It’s called “Once Upon a Place” and it is the last installation from Afghan-American artist Mohammad Mojadidi in Times Square, New York. Three phone booths, reminiscence of the past, as they are nearly non existent anymore in the five boroughs of the city, have been revived by the artist, and ring every 7-9 minutes. On the ground messages like: “Take a moment, step into a booth”, and “Pick up the phone and listen”. In the booths it is possible to listen to the stories of the immigrants of the city: presented in form of phone calls they are oral stories of their personal path, touching themes like belonging and displacement.
In order to carry out the project Mojadidi, son of Afghan parents from Kabul migrated to Florida, spent a month looking for immigrants’ areas in the city, finding participants to the project in mosques, synagogues, and community centers, as reads an article on artnet. For two months he recorded the stories of the men and the women who left their homeland for New York. The result? 70 stories collected all over the city, stories of people coming from all over the world, from China to Liberia, from Sierra Leone to Tibet.
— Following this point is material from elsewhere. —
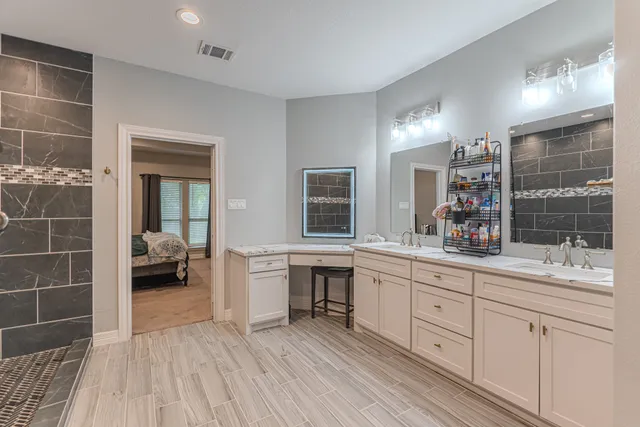 a bedroom with a bed and flat screen tv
Mojadidi hopes that his installation can remind people of the inherent humanity of migrants, as reads an article on artnet: “In the era before cell phones, phone booths were a refuge, a place where you could step inside and create an instant connection to friends, families, and loved ones. For Mojadidi, the phone booth lent itself naturally to the intimate nature of the project”.
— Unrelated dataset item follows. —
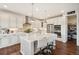 Well-lit kitchen with white cabinetry, center island, and convenient pantry access at 5029 Silver Hare Ct, Castle Rock, CO 80104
Once Upon a Place has a particular political value of immigrants rights claim in a historic moment of “anti-immigration hysteria” and of restrictive migratory policies by Donald Trump administration.
“I wanted people to understand that cities like New York, great metropolitan cities around the world, are largely built by the immigrants who come there, work there, settle there, live there”, explains Mojadidi on artnet. “None of that should be anything that’s feared, but something that should be celebrated and accepted”.
The installation, that will be on show until the 5th of September, is part of Times Square Arts, the public art program of the Times Square Alliance, which is the largest public platform for innovative contemporary performance and visual arts.
As Mojadidi says in an article on The New York Times: “ I hope that the installation will prompt listeners to explore their lineage and to challenge stereotypes about immigration”.